Enter kidnap insurance

“There’s a very limited number of insurers, syndicates, underwrite kidnap-for-ransom, and they exchange information about trustworthy kidnappers and rogue kidnappers.”

  • Insurance actually ‘orders the market’, creating moral hazard in the process.
  • Corps buy ‘kidnap for ransom’ insurance with conditions:
    • Insured cannot know about it
    • Corporation provides security
  • In some areas, kidnapping occurs because corp didn’t know who to pay protection money to
  • Lloyd’s of London brokers a market of insurance companies willing to ensure special risks (like a basketball player’s knee)
    • The market settles into a civil equilibrium
    • Small supply. Crisis responders (often ex-special forces) retained by the insurer will have specific experience with a class of kidnapper
    • Insurers share info and more coordinated than the heterogenous kidnappers which keep prices down. However, when gov’t come in splashing the pot it changes the dynamics of the game as it raises the expectations of kidnappers b/c of public pressures and gov’t large resources and because unlike insurers they are in a one-off game (France hopes the next victim is Swiss)
  • Each kidnap market has local conventions
    • Example: Pirates want money dropped in canisters next to the ship so that kidnappers can stay high enough to avoid capture himself
    • Businesses that provide secure common ground for handoffs(almost like escrow!)
    • Trustworthy middlemen — again ‘shadow of the future’; reputations and long-running exchanges (reminds me of my open-outcry trading past. In the pits, your “word was your bond”)
    • While any one transaction can go wrong on average the market hovers around a going price.
    • If kidnappers make mistakes, then they are out of business.
      • “Sometimes you have very emotional kidnappers. Sometimes you have stupid kidnappers. But stupid kidnappers will reveal information. And ultimately it is in the insurer’s interest to eliminate stupid kidnappers–well, eliminate kidnappers where possible. But if you have stupid kidnappers who make mistakes, you can remove them from the market by dropping some hints to the police.”

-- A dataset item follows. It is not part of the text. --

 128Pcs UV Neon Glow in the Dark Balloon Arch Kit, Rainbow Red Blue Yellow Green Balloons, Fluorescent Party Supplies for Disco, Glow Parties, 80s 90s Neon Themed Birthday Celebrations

On the game theory of negotiation

  • Manage kidnapper’s expectation of ransom size (hide the fact that the captive is insured)
  • “Squeezing the towel” process as the concessions offered to the kidnappers turn in to a slow drip
    • Eventually, the concessions are below the kidnappers’ cost to hold the victim. For example, the longer a hostage in custody the more expensive (via bribes) to keep it secret
  • Can’t reward kidnapper’s bad behavior or threats (“parenting lesson”)
  • Negotiators help the kidnappers see things through a more rational perspective. And, they educate them. And say, ‘Yes, we don’t want you to hurt Uncle Ted.’ And, ‘You’re not going to get anything out of hurting Uncle Ted.’ And they just help the kidnappers see how that strategy is not going to be helpful.